To cap the moment, Lisa then spread the knapsacks' abundant contents on the ledge: Cape Codder sandwiches (turkey, stuffing, and cranberry sauce), chips, fruit, cookies, and soda-a Ciao Bella picnic.

A Worthy Endeavour

"A crewed charter is an amazing way to see out-of-the-way places," said Tim. "If you rent a cottage on the Maine coast, you'll watch the same sunrise and the same sunset for two weeks, but on Ciao Bella, you can have a different view every day, often from a place you can only reach by boat. It's an ever-changing adventure-different places to hike, islands and towns to explore. And the crew does all the worrying."

Our last night on the Swan would be spent in Pulpit Harbor, 10 miles away on the north side of North Haven and an eight-mile hop to the base in Camden Harbor. Ciao Bella motored up Hurricane Sound, through Leadbetter Narrows, and out into West Penobscot Bay. The Camden Hills lay spread before us in the rich, late-afternoon light-lush green in the foreground changing to dusky purple, then coal gray, as they rolled down toward Lincolnville. As we glided into Pulpit Harbor's entrance in a gossamer northerly, the 130-foot J-class sloop Endeavour ghosted down the bay, dropped her sails outside Pulpit Rock's 150-year-old Osprey nest-this day occupied by a bald eagle using it as a fishing camp-and joined us in the deep, protected anchorage.

The jolly crew of the lobster boat Susan Marie, on a Sunday busman's holiday, circled Endeavour in the fading light, offering good-natured jibes to her well-heeled charter guests, then swung over to Ciao Bella and chanted in singsong cadence to her bemused crew, "Their boat's bigger than your boat. . . ."

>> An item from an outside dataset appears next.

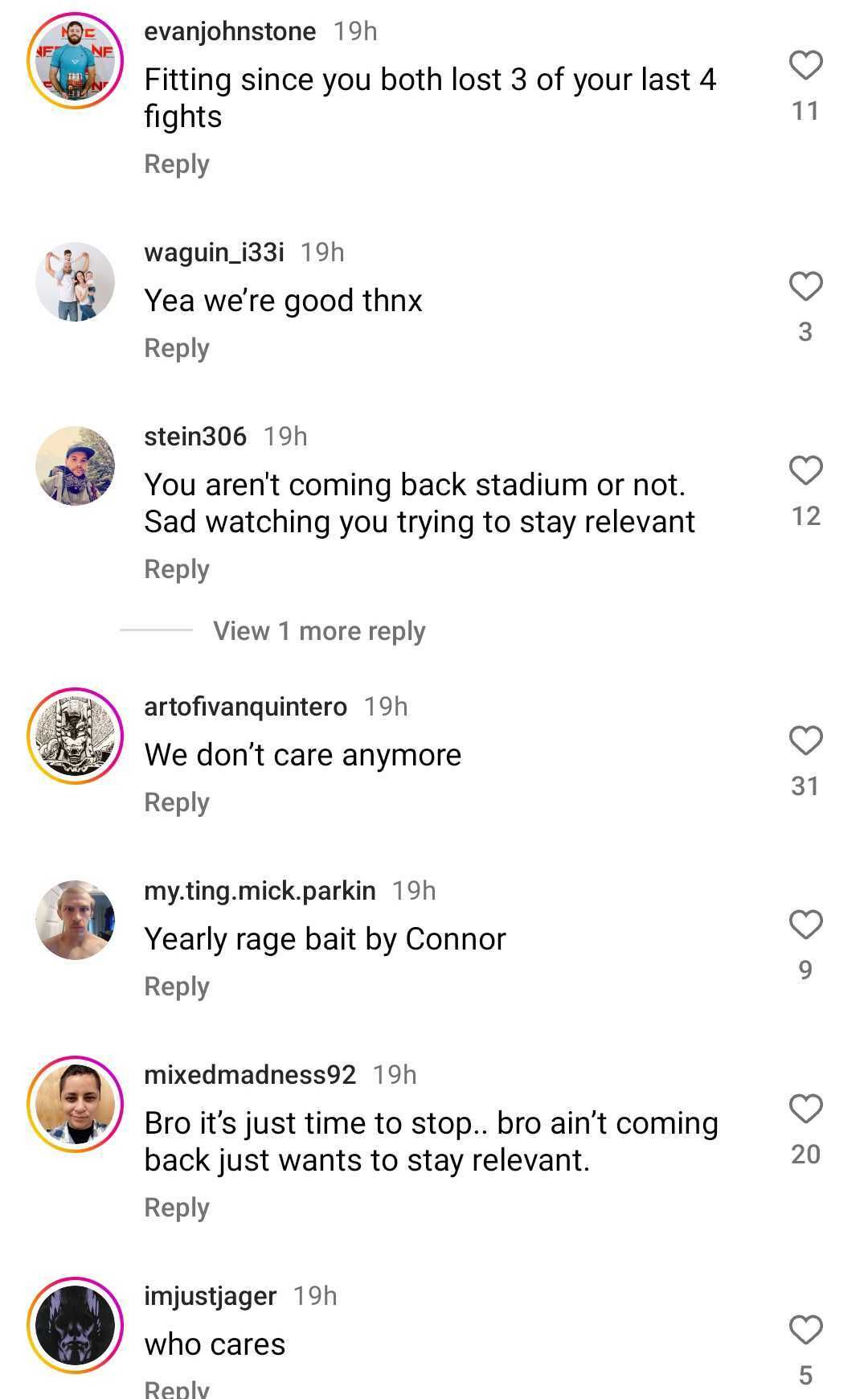 Reactions to social media posts of Conor McGregor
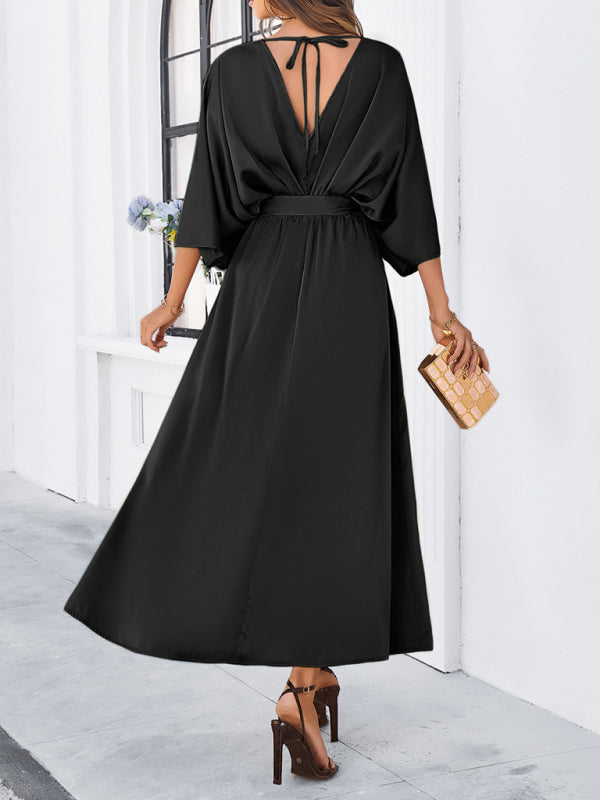 Women's new style elegant V-neck loose dress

Well, the Susan Marie crew was right, but 64 feet proved optimal for the two minimalists from Rhode Island on their sailing vacation of a lifetime. After our last dinner aboard-meatloaf (the skipper's favorite, you recall), mashed potatoes, salad, and blueberry pie-Tim raised himself ceremoniously from his chair, looked down at his guests with a Cheshire Cat grin, and said quietly (and smugly, I might add), "You are now in the mush state. The meatloaf was the knockout punch."

We were.

And it was.

Nim Marsh, CW associate editor and ascetic, lives under his upturned 10-foot dinghy on the muddy margins of Narragansett Bay. He accepts no alms.